Spindotter
Door Jacques van der Neut
Voor de spindotter is vervoer over
water de juiste weg. Dotterbloemen horen bij het Hollandse
polderlandschap. Op plaatsen waar ze talrijk voorkomt, wordt het
beeld vanaf half april tot half mei door een gele waas overheerst.
Een grandioos gezicht.
Dotterbloemen
behoren tot de Ranonkelfamilie. Het aantal soorten van deze familie
is aanzienlijk; ongeveer drie- tot vierduizend. De dotterbladeren
zijn donkergroen, zwak glanzend en niervormig. De bladranden zijn
soms ondiep gezaagd of gekarteld. Opvallend zijn de intens,
dooiergele bloemen, die vanwege het overvloedige stuifmeel door veel
insecten worden bezocht. Aan de voet van de stampers wordt bovendien
nectar afgescheiden. Micropterix calthella, een fatsoenlijke
Nederlandse naam voor dit minuscule vlindertje ontbreekt helaas, is
een geregelde bezoeker. Het grijsbruine motje, met een
vleugelspanwijdte van amper een centimeter, zouden we misschien wel
dottermotje kunnen noemen. Dotters vinden we gewoonlijk in de buurt
van het water. Dus ook in de Biesbosch; eens een weergaloos
zoetwatergetijdengebied. In die glorietijd hulden velden
dotterbloemen de Biesbosch in een oneindig, geel gewaad.

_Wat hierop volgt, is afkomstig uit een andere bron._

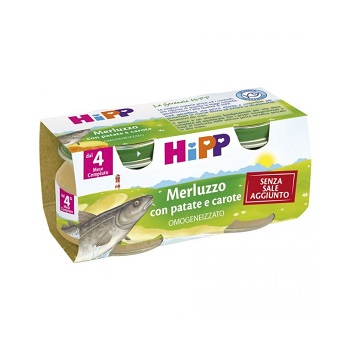 HIPP OMOGENEIZZATO MERLUZZO CAROTE PATATE 2X80 G - fitfarma.it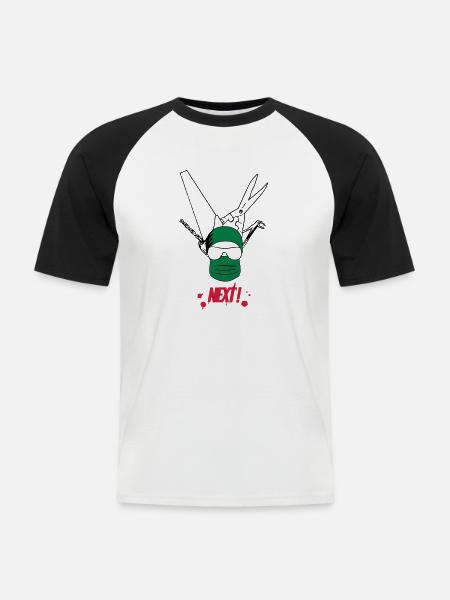 Surgeon - Men's Baseball T-Shirt - white/black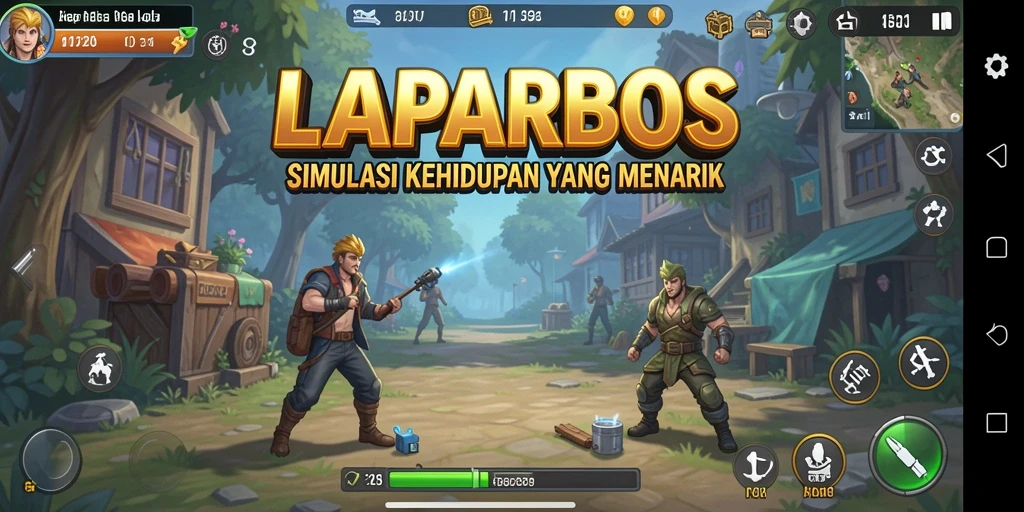 Tangkapan layar gameplay <strong>LAPARBOS</strong> yang menarik dan penuh interaksi.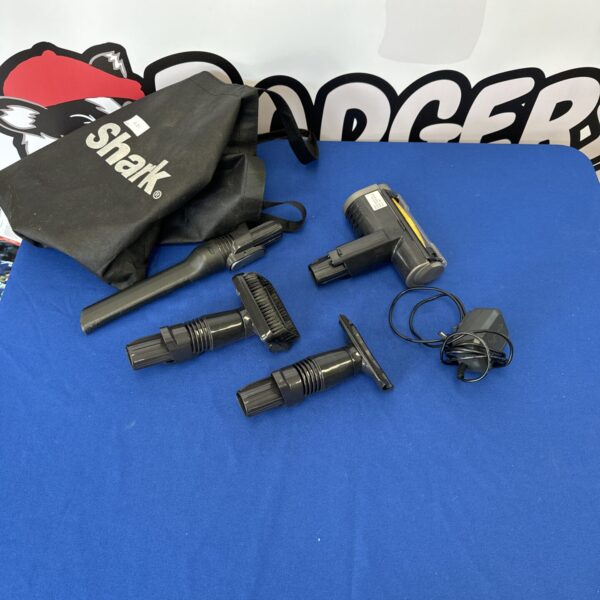 Shark hoover attachments and charger for vacuum cleaner repair.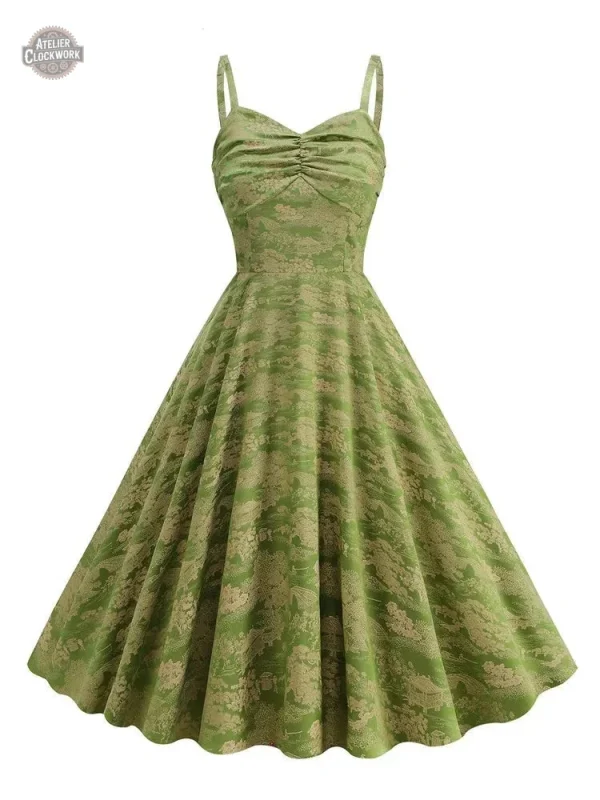 robe-vintage-verte-1 Robe Vintage Verte pour un style Steampunk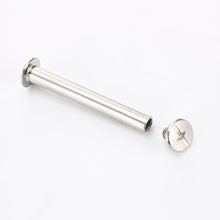 【4mm-125mm】杆径φ5铁账本钉表面电镀白镍样卡画册对锁子母铆钉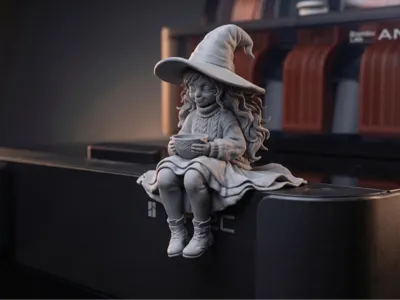 025 Sitting witch Please Its Tea Time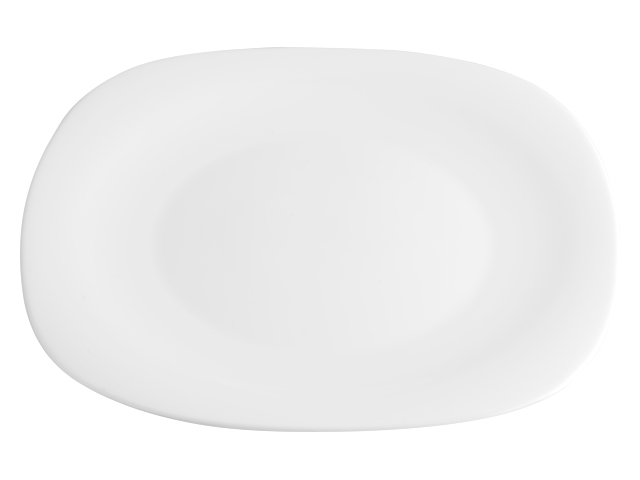 Тарелка обеденная стеклокерамическая, 278 мм, квадратная, серия QUADRO (Квадро), DIVA LA OPALA (Quadra Collection) (13-127830)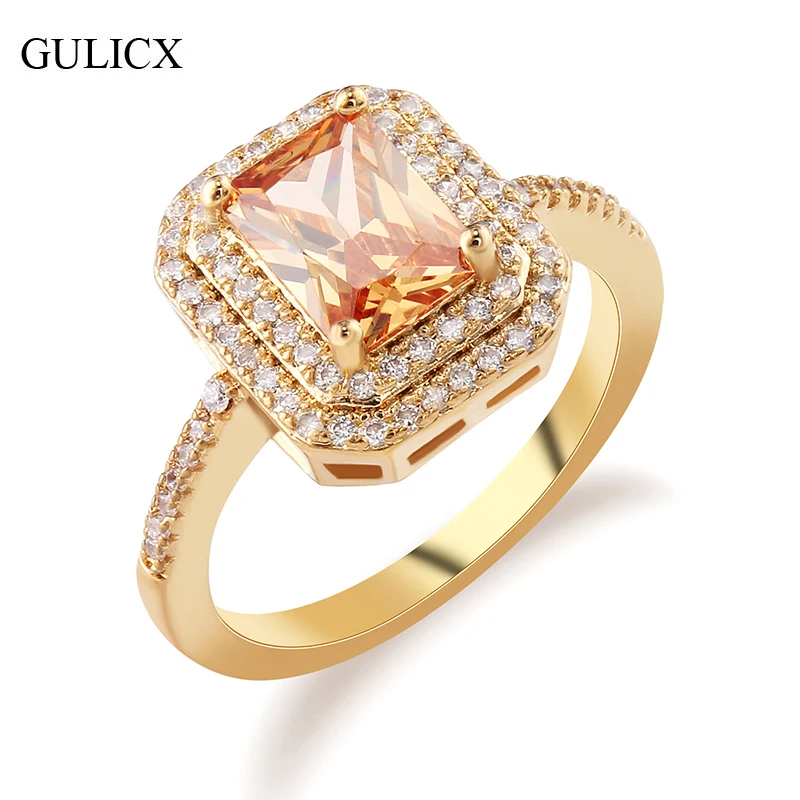 Женское свадебное кольцо с кубическим цирконием GULICX классическое обручальное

Ieder voorjaar tientallen, honderden nee, duizenden dotters. Om van
te duizelen. Opkomend water onttrok ze aan het gezicht. Onder water
groeiden en bloeiden ze echter verder. Door het aanleggen van de
Haringvlietsluizen (tussen Hellevoetsluis en Stellendam) in het
kader van de Deltawerken, veranderde het karakter van de eens zo
dynamische Biesbosch.
Bij de ingebruikname van de gigantische
waterkering (november 1970) verstomde de hartslag van de Biesbosch.
Door het grotendeels verdwijnen van de getijdenwerking en de
rietcultuur is dŕt overweldigende dotterfestijn verleden tijd. De
dotters zijn natuurlijk niet uit de Biesbosch verdwenen.
Integendeel. Plaatselijk komt ze nog in grote dichtheden voor.
Op
buitendijkse groeiplaatsen vinden we de spindotter, een vorm die aan
sterk wisselende waterhoogten is aangepast. De spindotter is forser
dan de gewone dotterbloem en heeft in het stengelstuk één of meer
elleboogvormige knikken met dikke, massieve stengelknoppen. Hierin
ontwikkelen zich bladrozetjes, die uiteindelijk in spinvormige
wortelkluwens veranderen. ’s Zomers vallen de stengels van de
spindotter om en vergaan, waardoor de ‘dotterspinnen’ vrijkomen en
door het water worden verspreid. Voor de spindotter is vervoer over
water de juiste weg.
Groeien in getijdengebieden is
(over)leven in uitersten. Het ene moment verzuip je bijna en zo sta
je weer op het droge. In zo’n extreme omgeving zijn
overlevingskansen voor kiemplanten nihil. Dotterspinnen zijn in
feite kant-en-klare, jonge plantjes waarmee de spindotter zichzelf
‘stekt’ en het probleem van de kieming dus omzeilt.